Army, of course, Horowitz is a parasite, out to expose impurities within the
system.
“My first film made the military
look pretty bad, which is easy to do,” he confided over beers one night in the
crowded restaurant above my Majuro hotel. “Americans took all the best land,
and the native owners live in the slum next door. Yet on Kwajalein Island, you
have swimming pools, playing fields, professional landscaping, a bowling alley,
golf courses, a Safeway, fresh produce, fresh meat. I hope my films will help
the Marshallese gain some of the justice and basic human rights denied them by
the U.S. for the sake of its weapons programs. If the American public really
knew what we have done, and are continuing to do over there, they’d be outraged
and ashamed.”
I said, “I’ve heard it described
as a rich American suburb stuck in middle of the Pacific.”

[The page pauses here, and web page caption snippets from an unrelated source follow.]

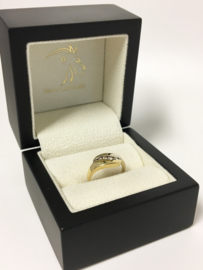 18 K Bicolor Gouden Slag Ring 0.15 crt Briljantgeslepen Diamant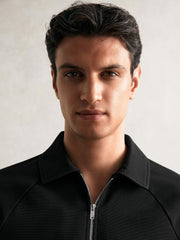 Textured Raglan Half-Zip Polo Shirt Black | Men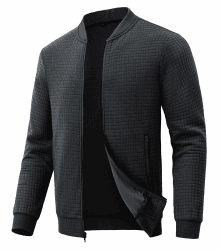 Huayuzh Jacke Herren übergangsjacke Winter Karierten Jacquard Alltag Freizeit Leicht Jacken mit Reißverschlusstasche L 1-schwarz Angebot bei HelloDeals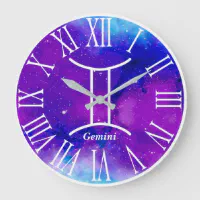 Gemini Sign, Zodiac Clock, Painted Glass Art, Nebula Decor, Celestial Clock, Personalized Gift, Modern Clock, Space Decor, Minimal Decor popular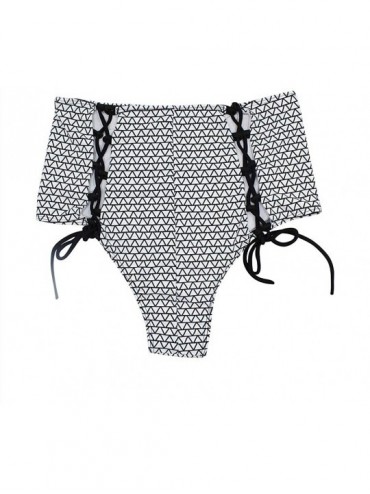 Bottoms Swimming Trunks Holographic Fashion Sexy High Waisted Shorts Lattice Swimsuit Bottoms with Braided String - B Silver ...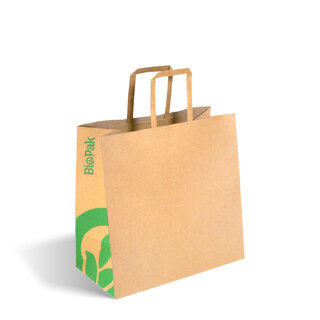 BioPak Small Kraft Paper Bags - Flat Handle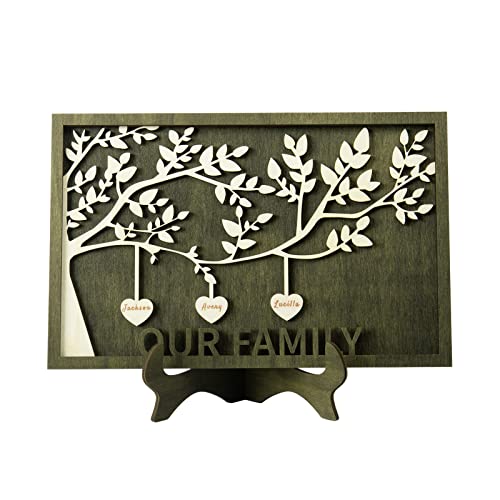 Jeweidea Personalized Family Name Sign with 4 Names, Custom Tree of Life Engraved Plaque Ornament with Stand, Gift for Mother Grandmother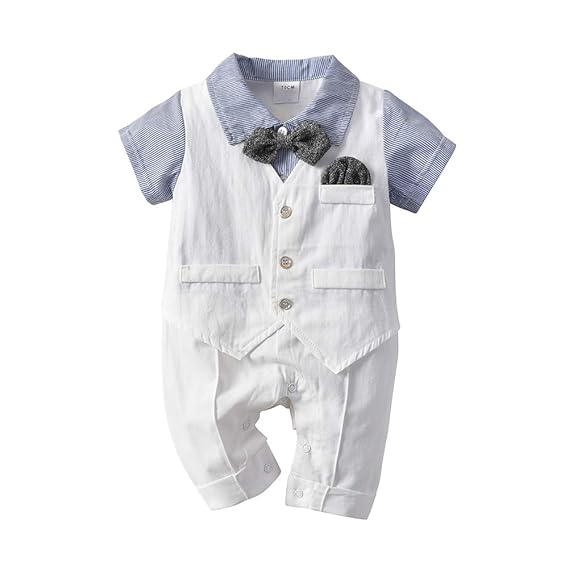 Tancurry Gentleman Weiß Baby Jungen Anzüge Hochzeit Festanzug Strampler Strampelanzug Taufkleidung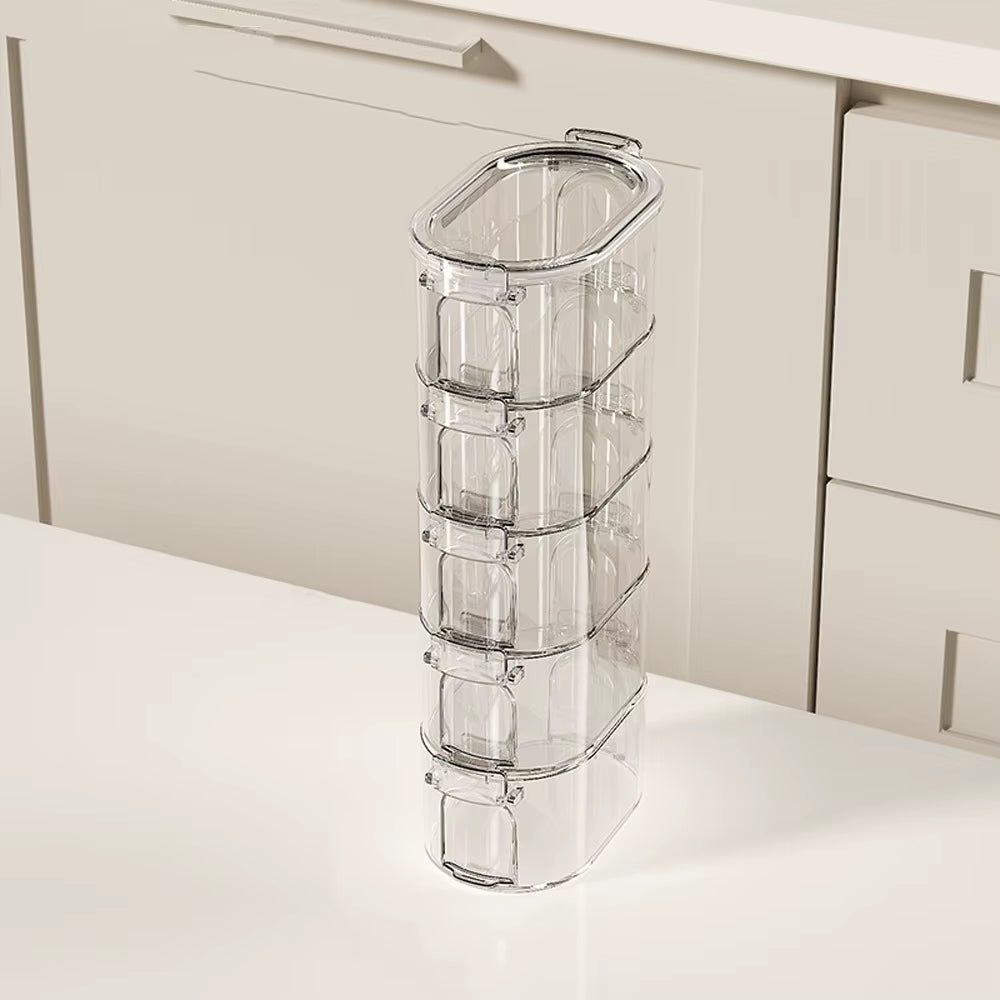 1/3/5 Layers Seasoning Spice Box Stackable Plastic Spice Organizer Portable Large Capacity Food Storage Box Spices Beans Nuts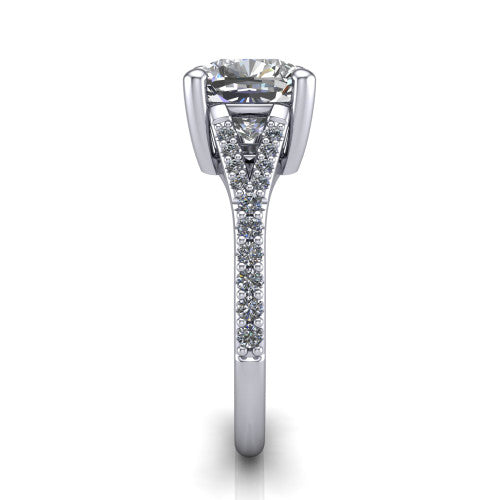 Sophia Cushion Shape Classic Engagement Ring in 14K White Gold
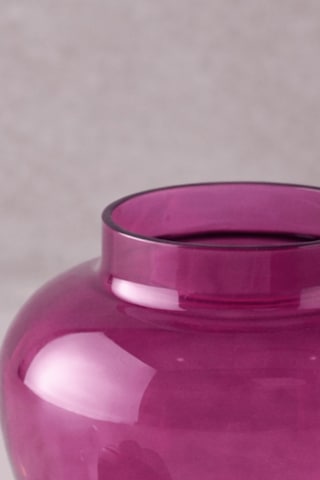 Dekoratif Cam Fuşya Kavanoz - Cam Kapaklı Küp Şekerlik Fuşya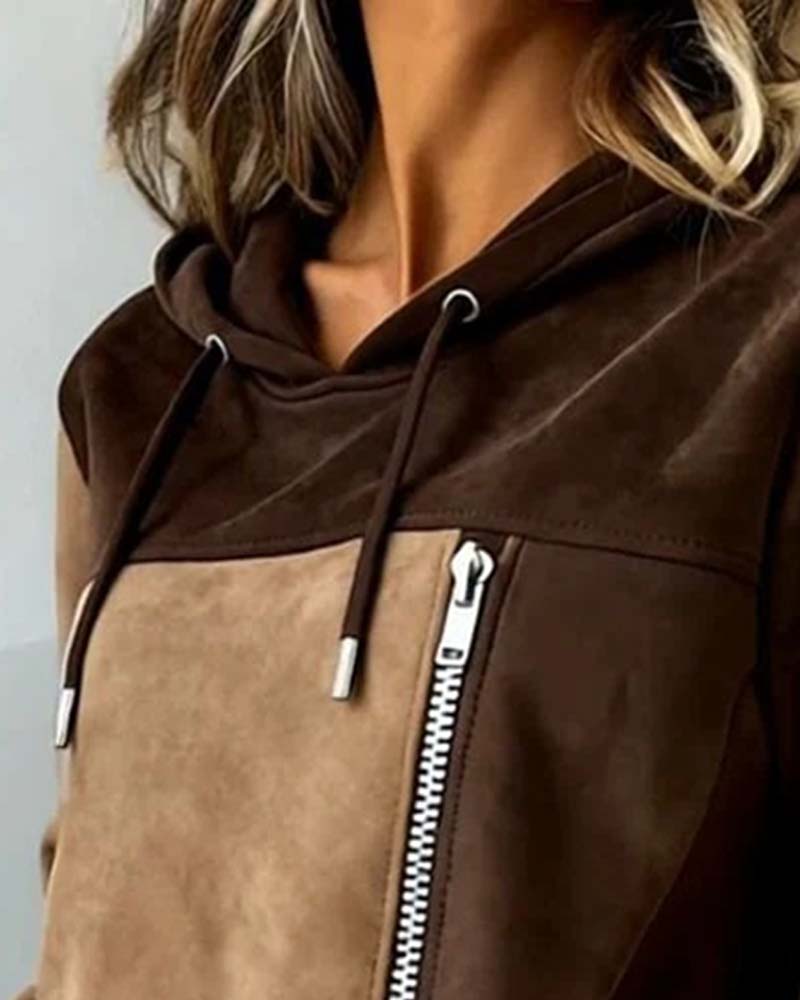 Hooded Drawstring Contrast Zipper Hoodie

“That’s exactly what it is.”
Japan ruled Kwajalein after taking
it from Germany in 1914, during World War I, heeding a 1920 mandate from the
League of Nations to govern all of Micronesia. More than 20 years later,
during World War II, the U.S. Navy seized Kwajalein from Japan, and in 1947 the
Marshalls were added to the U.S.’s Trust Territory of the Pacific Islands,
which ultimately led to America’s infamous 11-year nuclear testing program.
VAFB. |
Until 1958, Kwajalein was used to
support the tests, which, after 66 detonations, had ruined Bikini and
Enewetak atolls, westernmost of the Marshalls, vaporizing various islands and
irradiating natives. (Despite relocation of their residents and millions of
dollars in decontamination efforts, both atolls remain somewhat radioactive;
Bikini has become an elite dive destination, while Enewetak has a bomb crater
full of radioactive waste, capped with two feet of cement.)
When 1963’s Limited Test Ban
Treaty banished open-air nuclear testing (France quickly took it underground in
Polynesia’s surf-rich Tuamotu Archipelago), the U.S. established the Pacific
Missile Range on Kwajalein Atoll. Today, Kwajalein monitors satellites and is
the blue-water catcher’s mitt for measuring splashdown accuracy of rockets
fired from Vandenberg Air Force Base, another militarized fetch of obscure
waves, armed guards, and spooky white radar dishes.